The Wonderful World of Wax Wrappers
compiled by Jason Young
Self Published
$20 plus shipping from Canada on eBay

This book is a real treat for fans of old-school non-sport trading cards. It’s a compilation of Wax Wrappers, which were phased out in favor of foil wrappers with ultra-high-quality printing.

The Wonderful World of Wax Wrappers celebrates the art and innovation that was necessitated by the limitations of printing on wax paper before all that happened.

Jason Young, who put this book together, doesn’t try to create a detailed reference work. This is a slim volume of gorgeous full-color photos of vintage trading card wrappers released from the late 1950s to around 1990. There’s a brief essay in the front of the book, and informative captions throughout, but he lets the art be the star. An added bonus is that Jason is based in Canada, and some of these wrappers are variants of the ones that are familiar to collectors in the US.

Because the printing presses used for the wax wrappers were, shall we say, a tad funky, the vast majority of wax wrappers had line-art, rather than photographs. Photos just didn’t look right when printed with limited colors on food-grade wax paper.

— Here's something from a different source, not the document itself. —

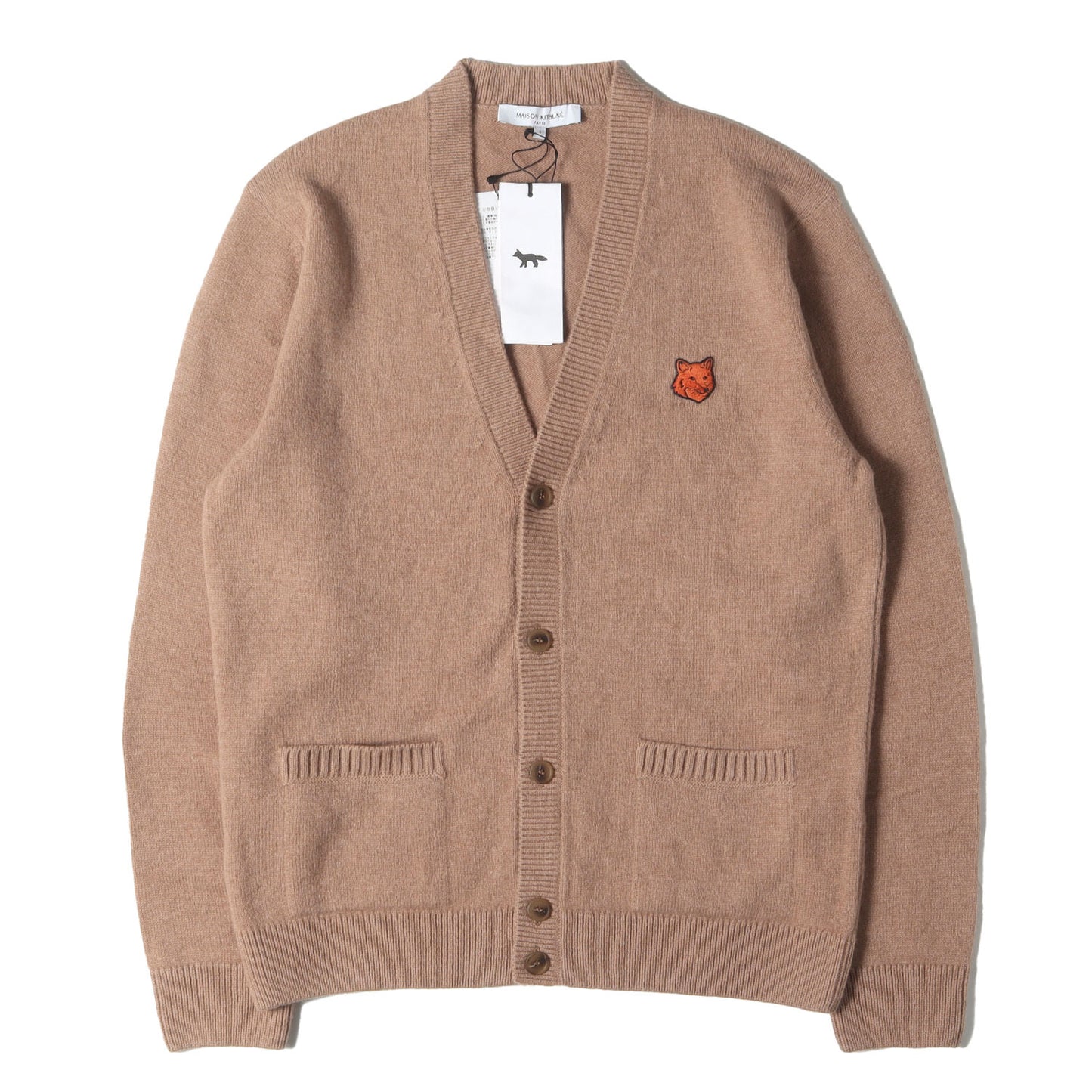 24AW キツネ ワッペン ウールニット カーディガン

Food-grade wrappers were used because the vast majority of trading cards included a stick of bubble gum in those days.

Translating photographic images into low-res three-to-five color images resulted in artwork that come out looking like mid-1960s Andy Warhol silkscreens. These wrappers were Pop Art before Pop Art was a thing.

From Young’s eBay page, we see some of the TV shows that made it into trading cards in the 1970s.

In fact, on the few occasions when they did try to use a photo on a wax wrapper (Supergirl, for instance) it looked pretty bizarre. In most cases, these wrappers are like miniature billboards, with beautifully simplified images representing their subjects.

As a long-time writer for Non-Sport Update, I’m neck-deep in this stuff most of the time, but it’s really cool to have a book that just looks at the art created for this aspect of the non-sport hobby.

Most of the wrappers are presented larger than they were originally printed, and for fans of pop culture, this is a virtual timeline of the period from 1960 to 1990. We get all the high-water marks: Batman; Marvel Comics; Gilligans Island; Star Trek; Elvis; Happy Days; Jaws; Universal Monsters; WWF and several pages of wax wrappers for cards devoted to Star Wars and its sequels. Back in the day,  lots of movies and TV shows with kid appeal made their way into the world of trading cards. You’ll see a lot of them here.

The Wonderful World of Wax Wrappers is available from Jason Young on eBay, but you want to act fast. Young says that he is on his third and final printing, and if you love pop culture and trading cards, you probably don’t want to miss out on this book.